I haven’t provided any links, and it’s for a specific reason: all of this is remarkably easy to discover on your own, and I encourage you to do so. That way, you won’t feel like I’m feeding you biased information. If you’re skeptical (and I encourage this,) you should see for yourself how much information is out there. It’s far more than I could feature in a post.

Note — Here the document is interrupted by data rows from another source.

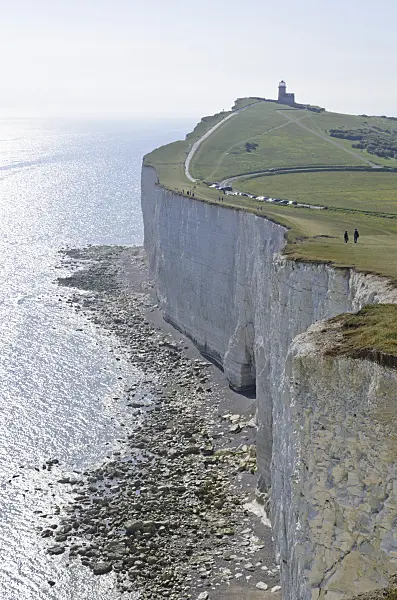 533368 - Belle Tout Lighthouse and chalk cliff, Beachy Head, South Downs National Park, Great Britain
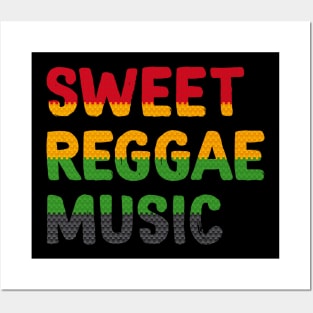 Sweet Reggae Music, Rasta Jamaica Posters and Art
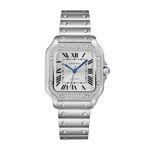 Cartier Santos W4SA0005 (2024) - Zilver wijzerplaat 35mm Staal (1/1)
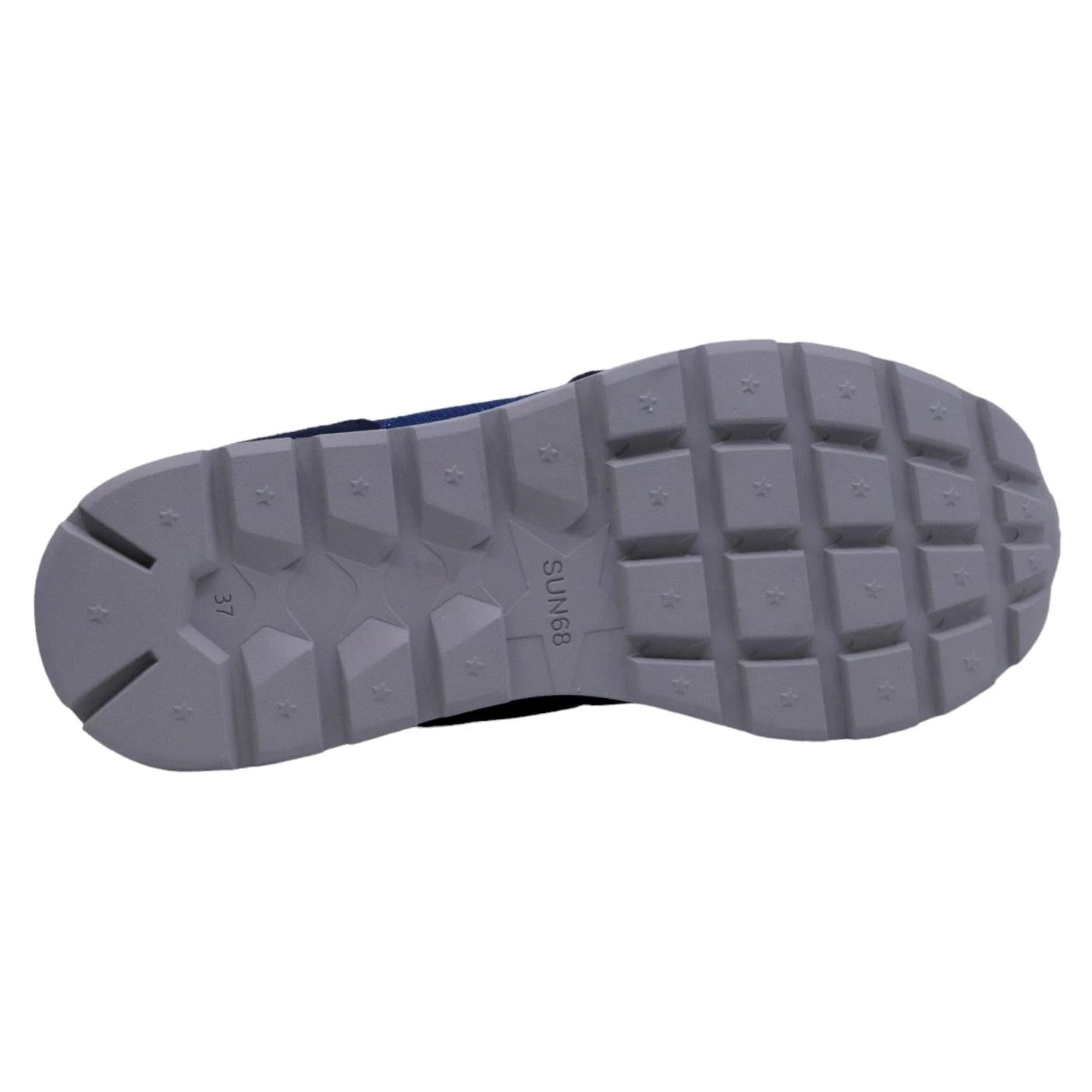 Sneaker donna Sun68 Ally Glitter Textile Z34203 in tessuto blu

But here’s another thing to consider. Jewelry is fine if you like it – it’s for attracting attention and looking nicer, but that’s really all it does. Possession of something expensive that doesn’t serve any other function is solely about bragging, and how much do we really need that? I know it’s an old saw, but should we really seek to impress someone whose sense of value comes from how expensive something is? How much of this is classism, and snobbery, and an attempt to provoke jealousy? Most especially, is there a good reason to mistake this for any form of affection, or use this to manipulate those we claim to love?

Why not simply find something appropriate, not from the standpoint of society, but from the standpoint of personal feelings? Find something that demonstrates how well you know the recipient, or even make something yourself – wouldn’t those express your feelings better? But seriously, if nothing else, stop playing puppet to the most manipulative, reprehensible trade on the planet, and don’t fall for the bullshit.